● Dataset excerpts:
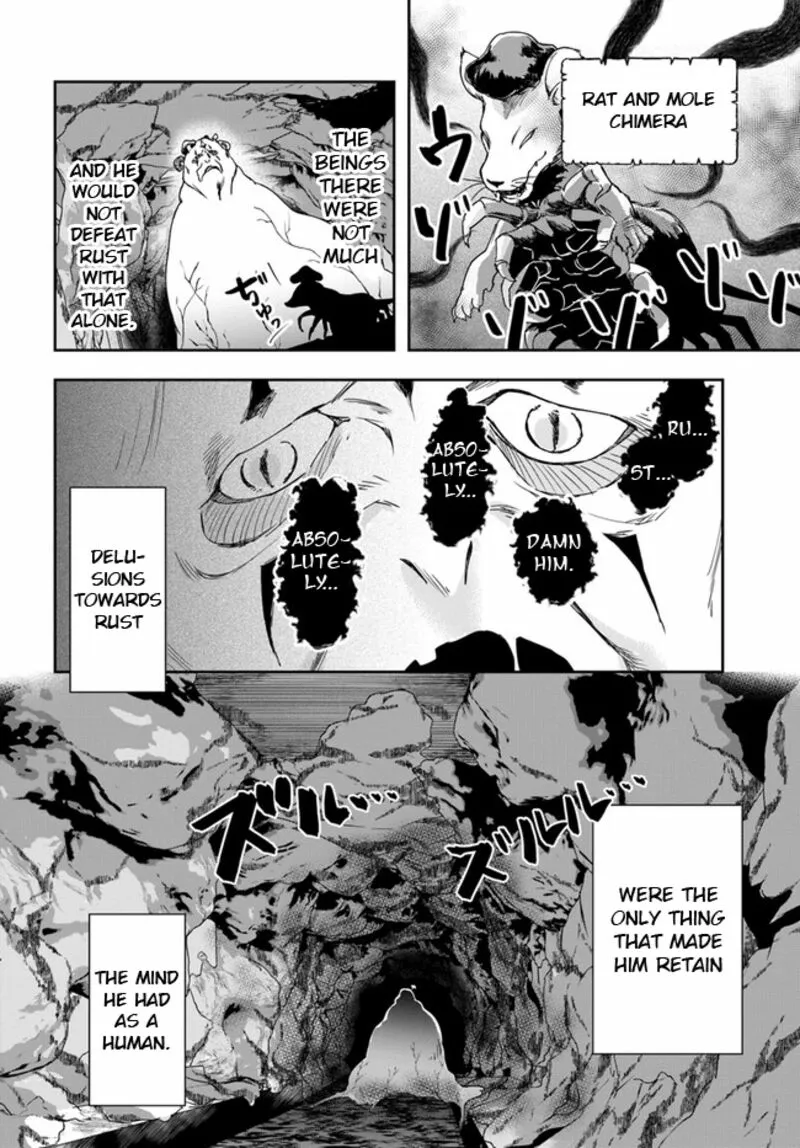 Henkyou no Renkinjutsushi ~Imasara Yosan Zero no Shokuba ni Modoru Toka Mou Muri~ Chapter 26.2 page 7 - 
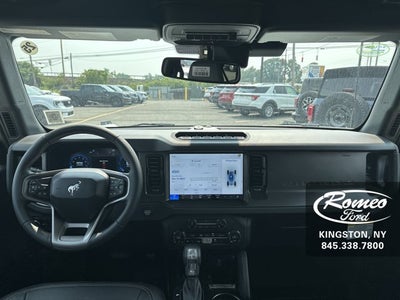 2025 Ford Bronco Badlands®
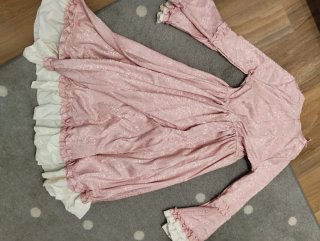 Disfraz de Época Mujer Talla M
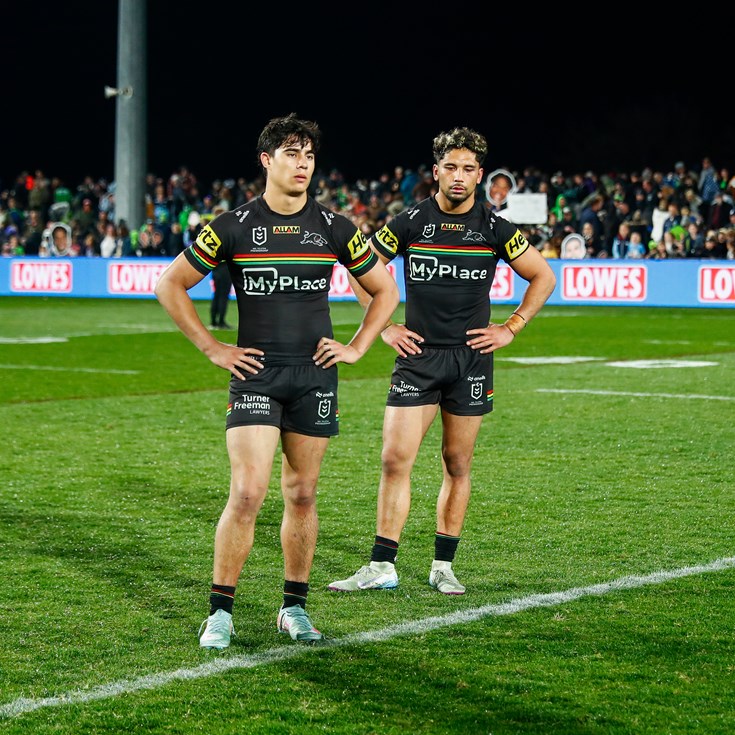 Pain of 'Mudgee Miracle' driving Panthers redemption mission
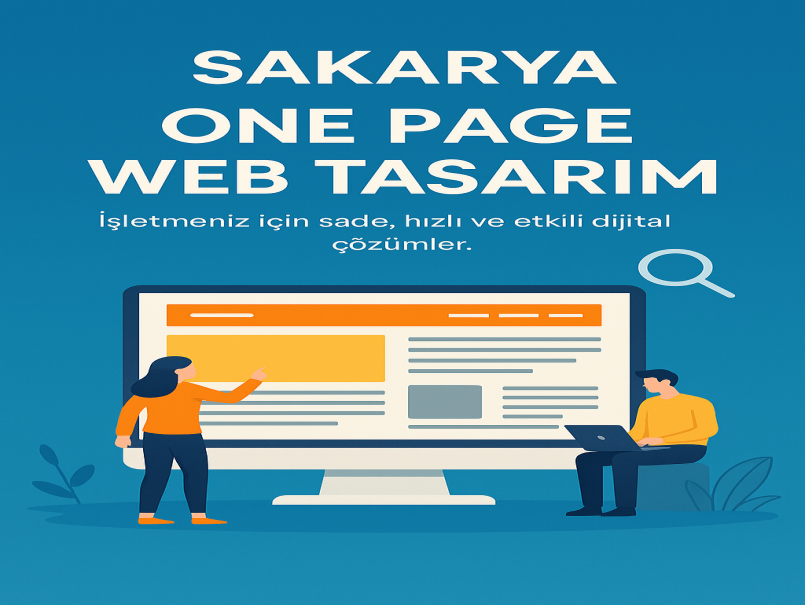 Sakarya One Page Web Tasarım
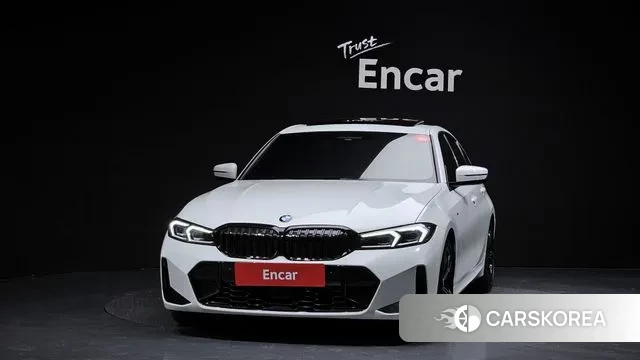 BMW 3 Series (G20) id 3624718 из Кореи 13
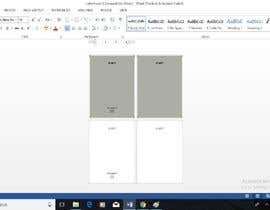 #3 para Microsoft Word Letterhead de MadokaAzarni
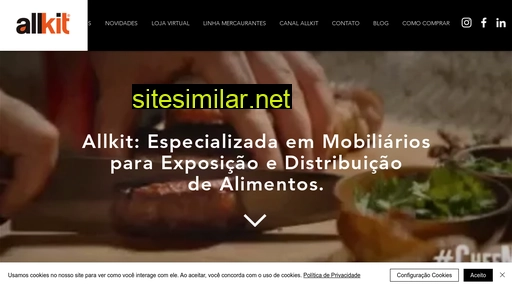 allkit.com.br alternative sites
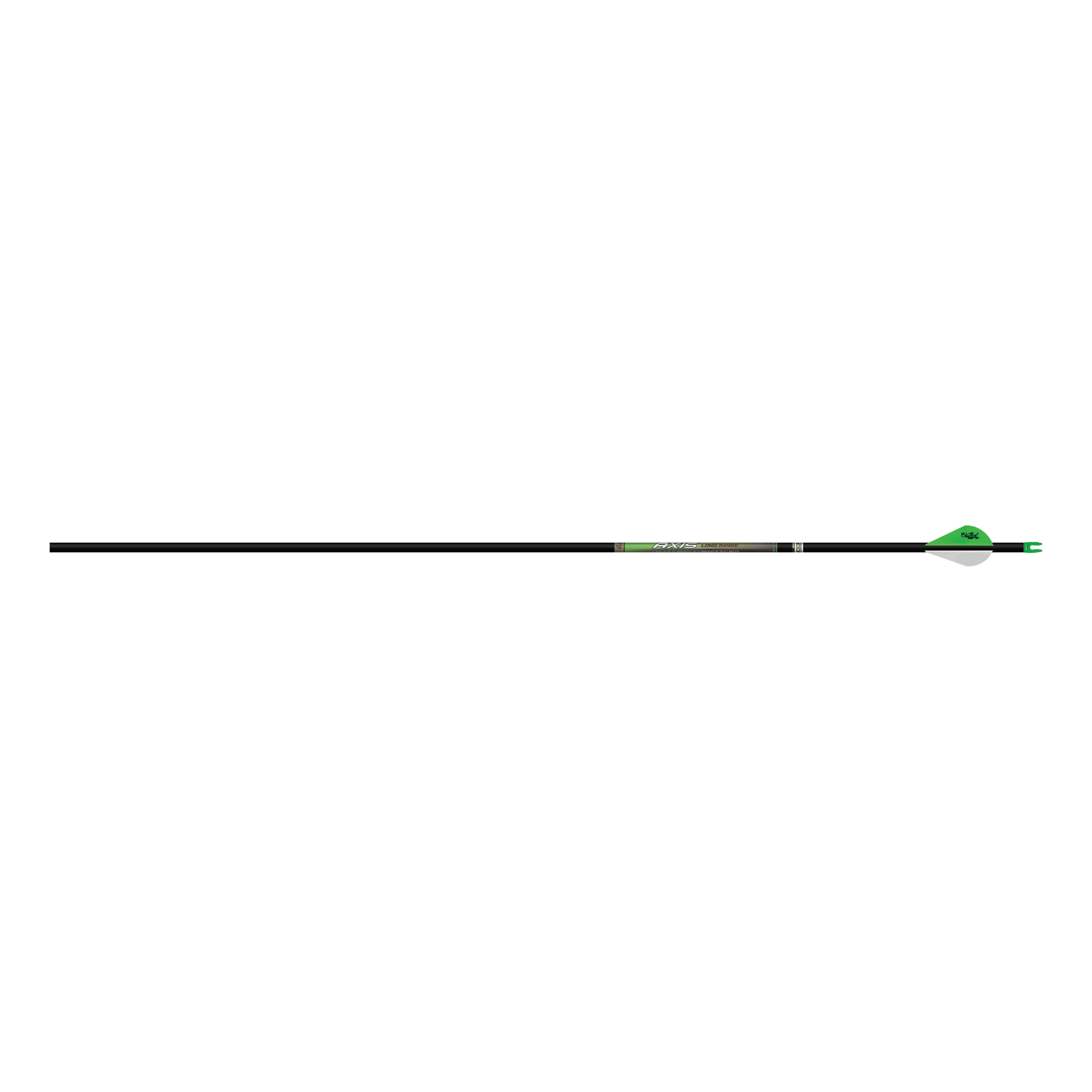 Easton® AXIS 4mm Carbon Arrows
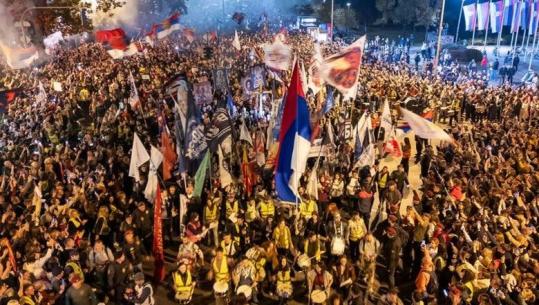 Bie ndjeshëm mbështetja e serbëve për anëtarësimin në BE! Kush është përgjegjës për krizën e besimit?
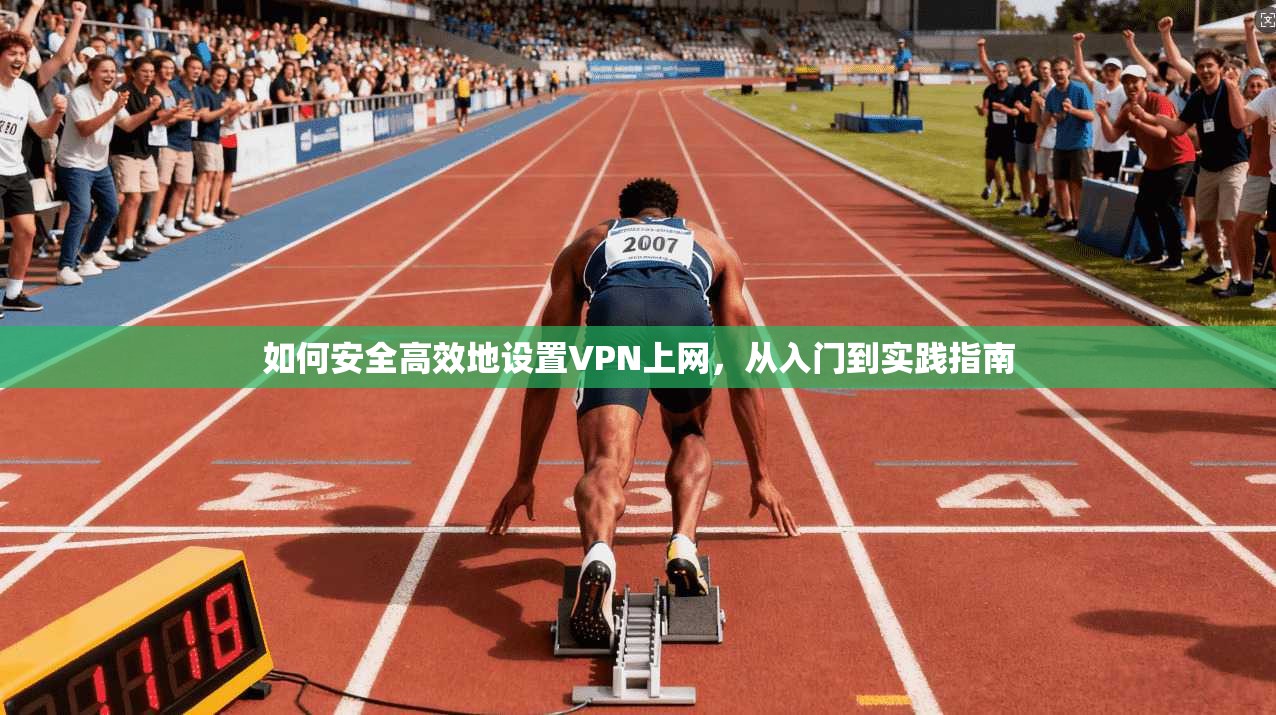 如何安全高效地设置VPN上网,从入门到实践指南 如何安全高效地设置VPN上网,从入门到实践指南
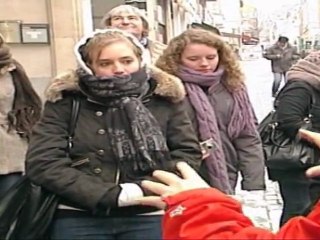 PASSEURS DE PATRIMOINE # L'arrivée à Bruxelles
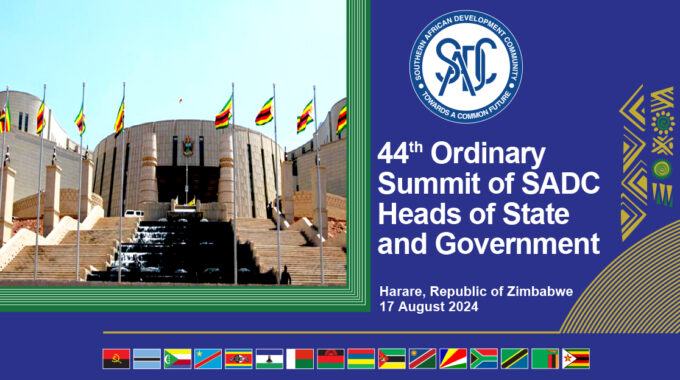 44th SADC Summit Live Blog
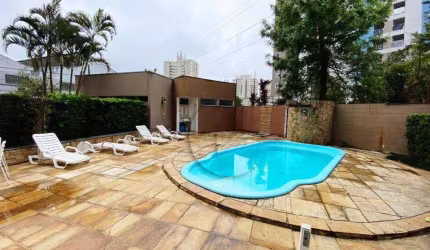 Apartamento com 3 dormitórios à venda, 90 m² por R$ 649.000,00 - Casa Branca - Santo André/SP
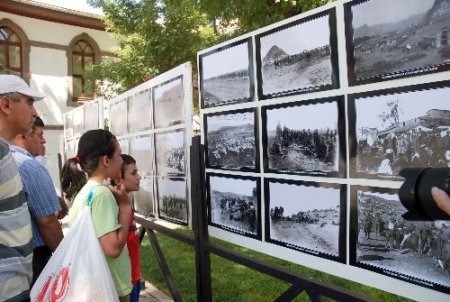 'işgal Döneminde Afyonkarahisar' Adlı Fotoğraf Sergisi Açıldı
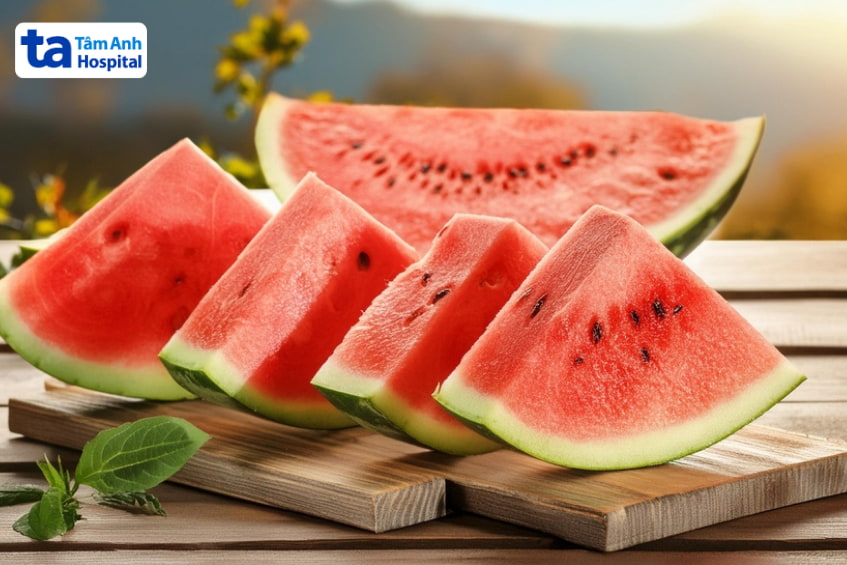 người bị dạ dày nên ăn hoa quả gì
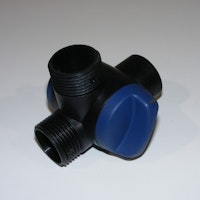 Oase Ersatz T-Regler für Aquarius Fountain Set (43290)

● Action item: Once the line with "2025 Ford Bronco Badlands®" is found above, print it and every line after it through the line with "44th SADC Summit Live Blog", exactly. Pictures stay out.

● Written solution:
 2025 Ford Bronco Badlands®
 Disfraz de Época Mujer Talla M
 Pain of 'Mudgee Miracle' driving Panthers redemption mission
 Sakarya One Page Web Tasarım
 BMW 3 Series (G20) id 3624718 из Кореи 13
 #3 para Microsoft Word Letterhead de MadokaAzarni
 allkit.com.br alternative sites
 Easton® AXIS 4mm Carbon Arrows
 Bie ndjeshëm mbështetja e serbëve për anëtarësimin në BE! Kush është përgjegjës për krizën e besimit?
 如何安全高效地设置VPN上网,从入门到实践指南 如何安全高效地设置VPN上网,从入门到实践指南
 PASSEURS DE PATRIMOINE # L'arrivée à Bruxelles
 44th SADC Summit Live Blog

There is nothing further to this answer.